A ces mots, je craignis le pire. Celà faisait une semaine que Marc, Damien et les autres étaient repartis à Hoenn. Pourvu qu´ils ne soient pas morts, sinon, je m´en serais voulu toute ma vie de ne pas les avoir convaincus de rester. Si, pour sauver ma couverture, je devais y laisser la vie de mes alliés alors autant courir tête baissée au milieu du champ de bataille, ce serait moins dangereux pour eux.

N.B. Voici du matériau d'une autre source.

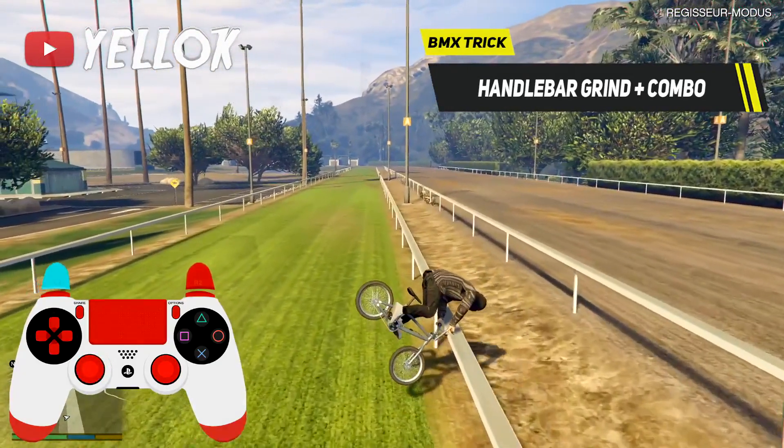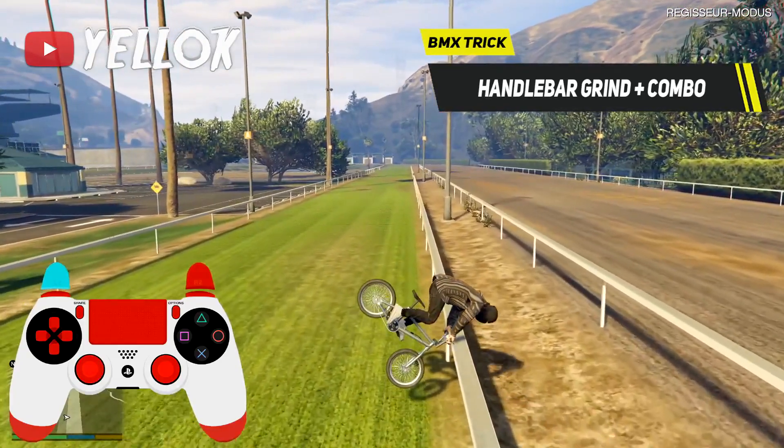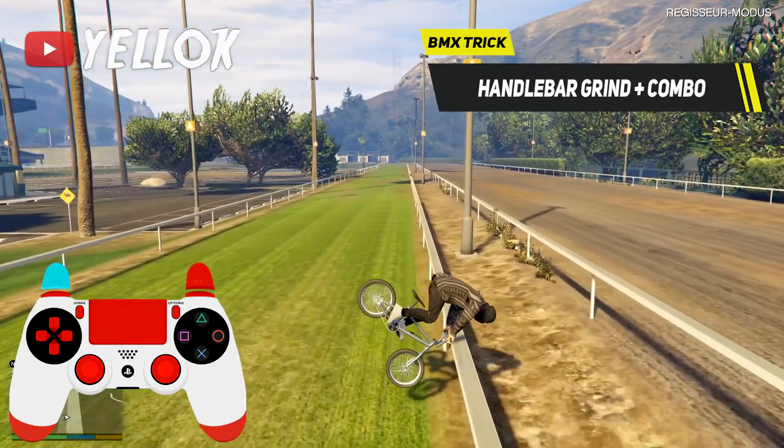You should now hit the rail in exactly this position. Always try to balance your BMX out with your left stick and try to grind as far as possible. That was it already.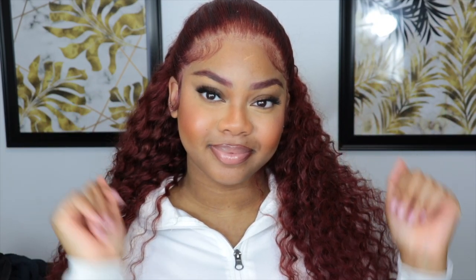Hey y'all, what's up? If you're new here, my name is Ashika Lee. If you're a returning subscriber, thank you so much for tuning in to yet another video.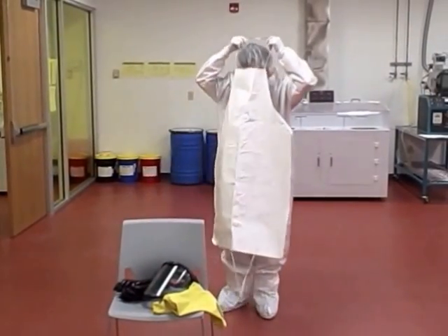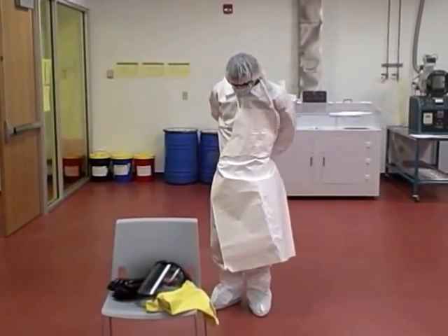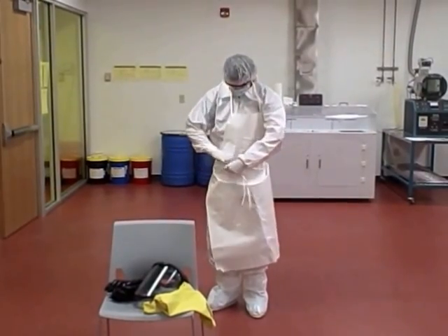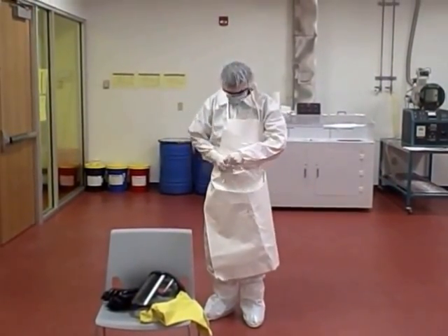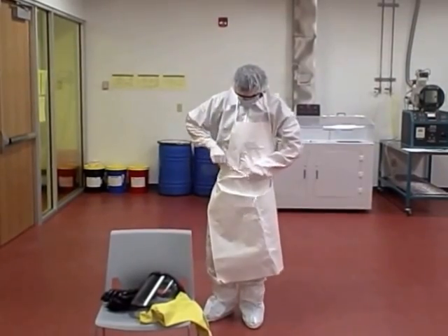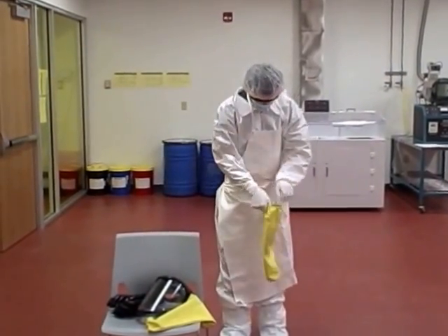Before entering the chemical room, put on an apron and tie the straps. Put on the yellow sleeves to protect from any chemical spills.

"Ils sont... morts ? demandai-je...
-Non, la seule victime c´est Herr General... enfin, la seule que nous ayons vu à la télé.
-Tu veux dire que... ca a été filmé en direct ?
-Tu vois Sophie, fit le robuste gaillard, quand je te dis que sut ton bateau tu es dans un monde à part..."
Il se retrourna vers moi et expliqua:
"Le tyran a proposé un débat à la Nouvelle Armée... Un débat télévisé... J´ai tout de suite su que c´était un piège mais eux ils ont eu l´air de croire que ca pourrait peut-être épargner des vies. Et puis on s´est très vite aperçu que ce n´était qu´une vaste mascarade quand une balle a traversé la tête de Herr General."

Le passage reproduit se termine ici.